Fidel Castro hizo su revolución y surfeó más de medio siglo sobre esa herida latinoamericana y ayudado por las extremas desigualdades sociales que reinaron y reinan en la región. Cuando ya no necesitó en Cuba del mártir crístico Ernesto Che Guevara, quien lo acompañó en la toma del poder y era mucho más radical y soñador que él, lo dejó ir a su sacrificio en las montañas bolivianas. Gran estratega, logró evitar todos los intentos de asesinato que se fraguaron contra él y evitó los intentos de invasiones a Cuba. Sobrevivió al malestar de un pueblo hambreado luego de la caída de la Unión Soviética y el fin de su ayuda y se deshizo tranquilamente de miles de opositores o desilusionados precarios que en masa huían en balsas hacia Miami. 
Vio morir uno tras otro a todos los amigos y ex compañeros que se le enfrentaron y terminaron en el exilio derrotados luchando contra su régimen. No le tembló el pulso para fusilar a sus mejores amigos y colaboradores, como ocurrió en 1989 con Antonio de La Guardia y Arnaldo Ochoa. 
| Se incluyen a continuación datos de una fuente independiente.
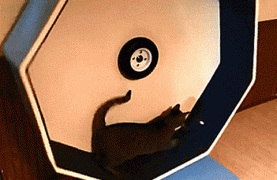 1410741385_gifs_22.gif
Y ahora, muchos analistas pueden concluir que Fidel es otro ejemplo exitoso del aserto maquiavélico de que "el fin justifica los medios". El tiempo fue tan implacable que al final las nuevas generaciones de cubanos de Miami, los llamados "gusanos", terminaron por dar la espalda a sus padres disidentes y abogaron mayoritariamente por la normalización de las relaciones y el fin del bloqueo. Alguna vez Fidel dijo que "la historia me absolverá". Pero eso solo lo sabremos tal vez dentro de mucho tiempo, cuando los Castro y su régimen pertenezcan a un lejano pasado.